Expectation is building around the John Brown University tennis teams as they prepare to play their second and final home match of the season against Southwestern Christian University on Monday, April 18 at 2 p.m.
With only one previous home game played this season, the Golden Eagles are anxious to be back in front of familiar faces.
“I’m excited,” Grace Cusick, sophomore on the women’s team, said. “I like having the support of all of my friends coming out to watch [the match]. I like being on our home turf and having people watch what we can do because we don’t get to do that very often.”
The Golden Eagles’ men’s and women’s teams only participate in matches against other schools that have both a men’s and women’s team. Because the University is the only team in the Sooner Athletic Conference that has such a commodity, the Golden Eagles have to schedule games with anyone and everyone who is willing to play them in the area, including National Collegiate Athletic Association Division II schools, Harding University and Oklahoma Baptist University.

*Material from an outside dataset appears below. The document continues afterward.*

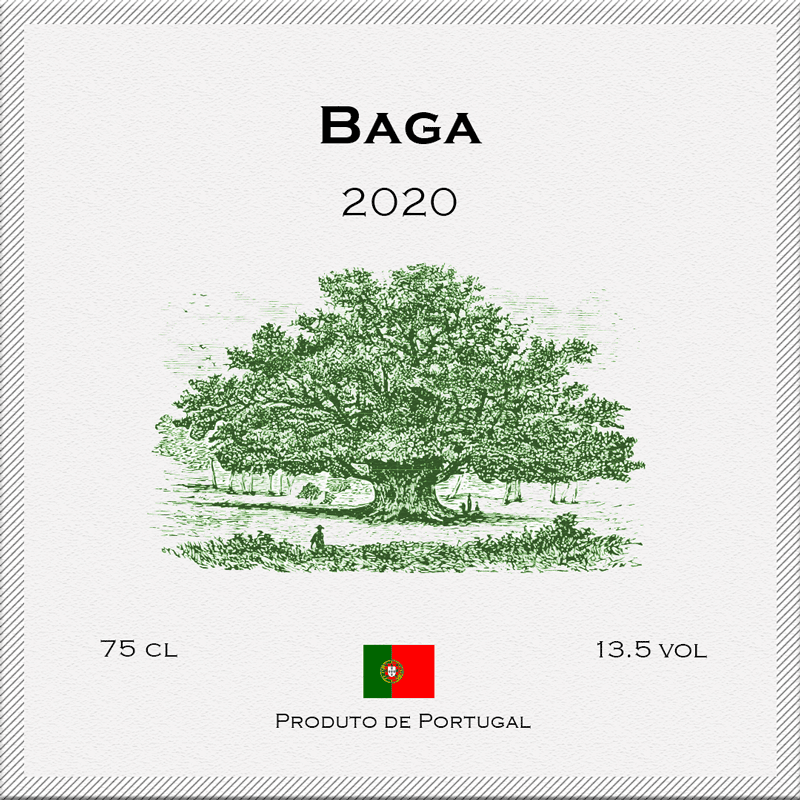 Baga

The Golden Eagles were swept in all three matches against NCAA Division II competition, but the resolve in the players’ attitudes seemed to tell a different story.
“[Playing against high competition] makes our record look pretty bad,” Cusick said. “Going into [the match], we know we’re the underdog. That mindset has been more helpful than I thought it would be because when we play teams that are just as good as us or a little better, we know we can step up.”
While it has been a season of difficulties, the team’s development has not been hindered. Kamal Fulghem, sophomore on the men’s team, recounts the great strides the team has made since last season.
“When we faced Harding, although they beat us pretty handily, it was the greatest joy of the season thus far because it showed that we could hang with high level competition and it proved that we’ve come a long way since last year,” Fulghem said.
The athletes agreed that the greatest challenge in the sport is to avoid beating yourself in the match and being dejected by the errors made. In an individualistic and often lonely sport, Krizana Saucedo, senior on the women’s team, was grateful for the team dynamic among the players.
“When you come to the college level, [tennis] switches from an individual sport to a team sport,” Saucedo said. “When you do well, you keep moving on as a team, rather than as an individual. Your work still counts, but it’s no longer just for you but for the school and team.”
As playoffs are quickly approaching, both the men’s and women’s teams have high hopes to snag as many wins and valuable experience as possible in order to succeed at the regional tournament. Their final home match is this Monday at 2 p.m.